9. Tucker's restoration
Tucker Carlson ("The Bow-Tied Bard of Populism"), whose new 9 p.m. show on Fox has been a ratings and echo-chamber hit, to McKay Coppins, now a staff writer for The Atlantic:
"The SAT 50 years ago pulled a lot of smart people out of every little town in America and funneled them into a small number of elite institutions, where they married each other, had kids, and moved to an even smaller number of elite neighborhoods. We created the most effective meritocracy ever. ...
"But the problem with the meritocracy ... [is that it] leeches all the empathy out of your society … The second you think that all your good fortune is a product of your virtue, you become highly judgmental, lacking empathy, totally without self-awareness, arrogant, stupid — I mean all the stuff that our ruling class is."

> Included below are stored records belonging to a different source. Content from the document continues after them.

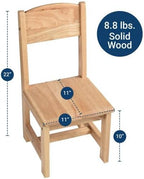 Constructive Playthings KRP-110 Classic Rubberwood Chair for Preschool and Classroom Seating, 10", Durable Classroom Furniture for Schools, Daycares & Learning Spaces
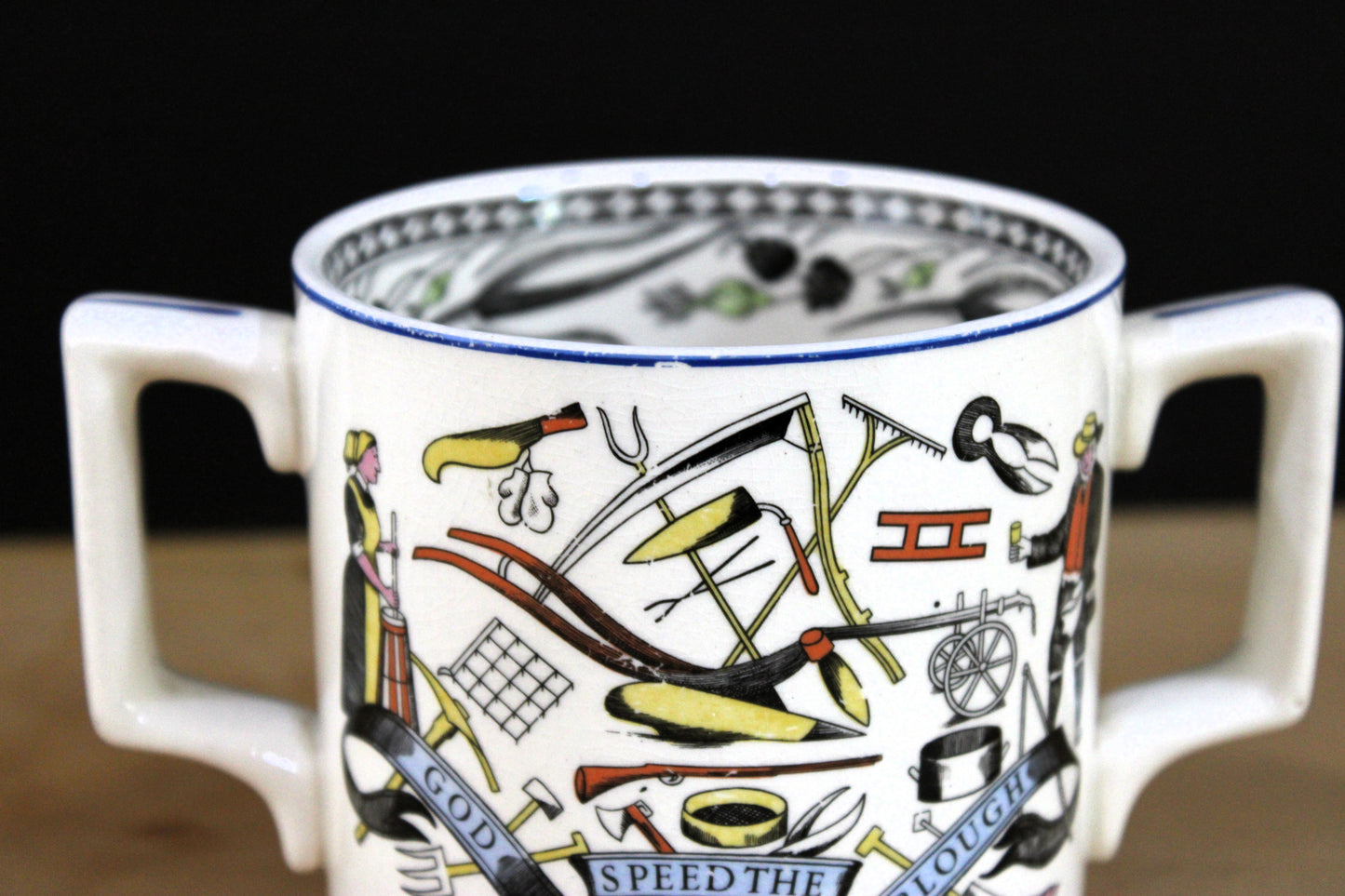 Vintage Bristol Pottery "God Speed the Plough" Mug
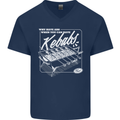 Funny Gym Overweight Fat Abs Kebabs Mens V-Neck Cotton T-Shirt Navy Blue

A keeper: "He recalls receiving a text message on election night from a stunned Democratic friend declaring his intention to flee the country with his family. Carlson replied by asking if he could use their pool while they were gone."
One quibble: McKay calls The Monocle, where he had lunch with Tucker, "upscale" when he meant "old-school."
10. 1 fun thing
"Virtual-Reality Goggles Come With a Hitch: Real Reality" -- Wall Street Journal A-Hed by Cat Zakrzewski: "[E]arly adopters are encountering ... challenges, from coffee spills to missed train stops to nausea and 'goggle face' — marks that the snug headsets leave around the eyes after extended use."
- "The popularity of Pokémon Go last summer showed the dangers of operating in the real world while staring at 'augmented reality' on a smartphone. Players sprained ankles, walked into fire hydrants and fell off bikes while their eyes were glued to their phone screens."
- AR vs. VR: "Augmented reality puts digital objects on images of the real world — so it looks like a Pokémon character is standing in your driveway. Virtual reality cuts out the real world entirely. Such full immersion can be so intense that users experience motion sickness or fear of falling."